Reputation: 3718
I want to compare an array of modified records against a list of records pulled from the database, and delete those records from the database that do not exist in the incoming array. The modified array comes from a client app that maintains the database, and this code runs in a WCF service app, so if the client deletes a record from the array, that record should be deleted from the database. Here's the sample code snippet:
public void UpdateRecords(Record[] recs)
{
// look for deleted records
foreach (Record rec in UnitOfWork.Records.ToList())
{
var copy = rec;
if (!recs.Contains(rec)) // use this one?
if (0 == recs.Count(p => p.Id == copy.Id)) // or this one?
{
// if not in the new collection, remove from database
Record deleted = UnitOfWork.Records.Single(p => p.Id == copy.Id);
UnitOfWork.Remove(deleted);
}
}
// rest of method code deleted
}
My question: is there a speed advantage (or other advantage) to using the Count method over the Contains method? the Id property is guaranteed to be unique and to identify that particular record, so you don't need to do a bitwise compare, as I assume Contains might do.
Anyone? Thanks, Dave
Upvotes: 9
Views: 2242
Reputation: 2417
It would be so:
UnitOfWork.Records.RemoveAll(r => !recs.Any(rec => rec.Id == r.Id));
Upvotes: 2
Reputation: 1502076
Assuming Record
implements both GetHashCode
and Equals
properly, I'd use a different approach altogether:
// I'm assuming it's appropriate to pull down all the records from the database
// to start with, as you're already doing it.
foreach (Record recordToDelete in UnitOfWork.Records.ToList().Except(recs))
{
UnitOfWork.Remove(recordToDelete);
}
Basically there's no need to have an N * M lookup time - the above code will end up building a set of records from recs
based on their hash code, and find non-matches rather more efficiently than the original code.

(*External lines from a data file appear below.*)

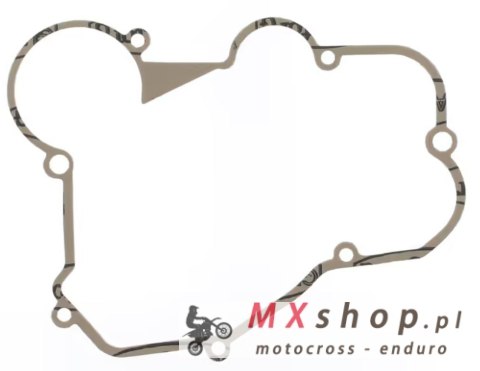 ATHENA USZCZELKA POKRYWY SPRZĘGŁA DERBI GPR 50R '97-'05, SENDA 50 '98-'05 (OEM:00H03000141)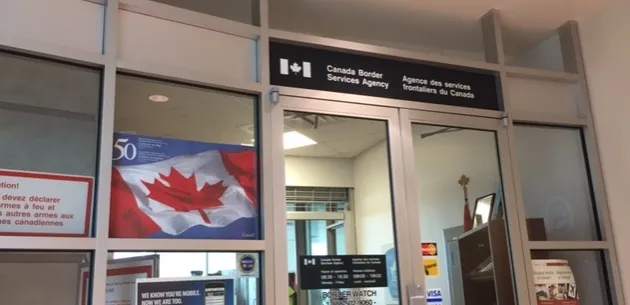 640-20260203-115958-698253be82cca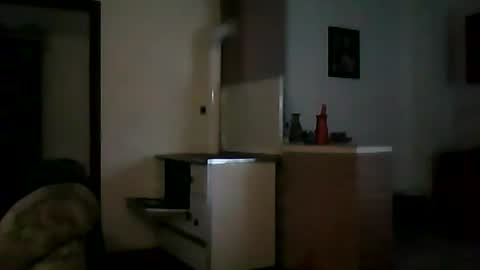 excelo21 online show from December 11, 2024, 1:06 pm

If you've actually got more to do, you could use:
HashSet<Record> recordSet = new HashSet<Record>(recs);
foreach (Record recordFromDb in UnitOfWork.Records.ToList())
{
if (!recordSet.Contains(recordFromDb))
{
UnitOfWork.Remove(recordFromDb);
}
else
{
// Do other stuff
}
}
(I'm not quite sure why your original code is refetching the record from the database using Single
when you've already got it as rec
...)
Upvotes: 8
Reputation: 57718
You should not even consider Count
since you are only checking for the existence of a record. You should use Any
instead.
Using Count
forces to iterate the entire enumerable to get the correct count, Any
stops enumerating as soon as you found the first element.
As for the use of Contains
you need to take in consideration if for the specified type reference equality is equivalent to the Id
comparison you are performing. Which by default it is not.
Upvotes: 13
Reputation: 71573
If you need to know the actual number of elements, use Count(); it's the only way. If you are checking for the existence of a matching record, use Any() or Contains(). Both are MUCH faster than Count(), and both will perform about the same, but Contains will do an equality check on the entire object while Any() will evaluate a lambda predicate based on the object.
Upvotes: 1
Reputation: 6278
May I suggest an alternative approach that should be faster I believe since count would continue even after the first match.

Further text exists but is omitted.